PAGE 10
A Preacher’s Love Story
by
At last he broke silence. “Children, there is something I must say to you this morning. I’m going to have meeting here to-night, and it may be I shall not be your teacher any more–I mean in school. I wish you’d go home to-day and tell your people to come to church here to-night. I wish you’d all come yourselves. I want you to be good. I want you to love God and be good. I want you to go home and tell your people the teacher can’t teach children how to read till he has taught the older people to be kind and generous. You may put your books away, and school will be dismissed.”
The wondering children obeyed–some with glad promptness, others with sadness, for they had already come to like their teacher very much.
As he sat by the door and watched them file out, it was as if he were a king abdicating a throne, and these his faithful subjects.
Mrs. Allen came over with Mattie to see him that day. She was a good woman, gentle and prayerful, and she said, with much emotion:
“Oh, Mr. Stacey, I do hope you can patch things up here. If you could only touch his heart! He don’t mean to do wrong, but he’s so set in his ways–if he says a thing he sticks to it.”
Stacey turned to Mattie for a word of encouragement, but she only looked away. It was impossible for her to put into words her feeling in the matter, which was more of admiration for his courage than for any part of his religious zeal. He was so different from other men.
It did him good to have these women come, and he repeated his vow:
“By the grace of our Lord, I am going to rebuild the Cyene Church!” and his face paled and his eyes grew luminous.
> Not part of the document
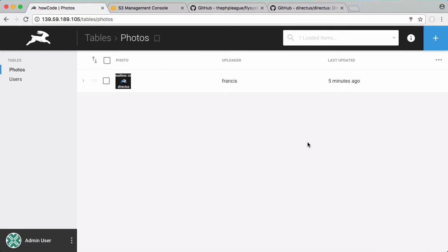In this video we're going to be learning how to modify Directus so that when we upload files to Directus instead of uploading them to our database server, it's going to upload them to Amazon S3. This way we have unlimited file storage and we can also use Amazon CloudFront, which is Amazon's content delivery network, to make our photos load really quickly.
The girl shivered with emotion. He seemed to recede from her as he spoke, and to grow larger, too. Such nobility of purpose was new and splendid to her.
* * * * *
The revival was wondrously dramatic. The little schoolhouse was crowded to the doors night by night. The reek of stable-stained coats and boots, the smell of strong tobacco, the effluvia of many breaths, the heat, the closeness were forgotten in the fervor of the young evangelist’s utterances. His voice took on wild emotional cadences which sounded deep places in the heart. To these people, long unused to religious oratory, it was like the return of John and Isaiah. It was poetry and the drama, and processions and apocalyptic visions. This youth had the histrionic spell, too, and his slender body lifted and dilated, and his head took on majesty and power, and the fling of his white hand was a challenge and an appeal.
A series of stirring events took place on the third night.
On Wednesday Jacob Turner rose and asked the prayers of his neighbors, and was followed by two Baptist spearmen of the front rank. On Thursday the women were weeping on one another’s bosoms; only one or two of the men held out–old Deacon Allen and his antagonist, Stewart Marsden. Grim-visaged old figures they were, placed among repentant men and weeping women. They sat like rocks in the rush of the two factions moving toward each other for peaceful union. Granitic, narrow, keen of thrust, they seemed unmoved, while all around them, one by one, skeptics acknowledged the pathos and dignity of the preacher’s views of life and death.
Meanwhile the young evangelist lived at high pressure. He grew thinner and whiter each night. He toiled in the daytime to formulate his thoughts for the evening. He could not sleep till far toward morning. The food he ate did him little good, while his heart went out constantly to his people in strenuous supplication. It was testimony of his human quality that he never for one moment lost that shining girl face out of his thought. He looked for it there night after night. It was his inspiration in speaking, as at the first.